Task directions: Transcribe exactly the span of lines that begins the records and ends with the line holding "تعدادی سبد شب", both boundary lines included.

(Stored records)

+===+

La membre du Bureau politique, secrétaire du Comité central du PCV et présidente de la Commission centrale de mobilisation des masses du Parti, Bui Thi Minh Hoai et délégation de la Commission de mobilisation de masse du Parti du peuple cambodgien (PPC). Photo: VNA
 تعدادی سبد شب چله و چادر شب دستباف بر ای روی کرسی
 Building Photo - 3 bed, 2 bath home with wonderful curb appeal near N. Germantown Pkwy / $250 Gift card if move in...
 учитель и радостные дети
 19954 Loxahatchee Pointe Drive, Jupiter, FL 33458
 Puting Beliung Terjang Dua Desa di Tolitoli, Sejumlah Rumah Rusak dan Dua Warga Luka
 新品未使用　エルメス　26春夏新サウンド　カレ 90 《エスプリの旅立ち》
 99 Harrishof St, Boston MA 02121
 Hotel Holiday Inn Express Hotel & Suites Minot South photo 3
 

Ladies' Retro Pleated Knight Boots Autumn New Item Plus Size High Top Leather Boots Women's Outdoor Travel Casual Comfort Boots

+===+

Solution to the exercise:
La membre du Bureau politique, secrétaire du Comité central du PCV et présidente de la Commission centrale de mobilisation des masses du Parti, Bui Thi Minh Hoai et délégation de la Commission de mobilisation de masse du Parti du peuple cambodgien (PPC). Photo: VNA
 تعدادی سبد شب چله و چادر شب دستباف بر ای روی کرسی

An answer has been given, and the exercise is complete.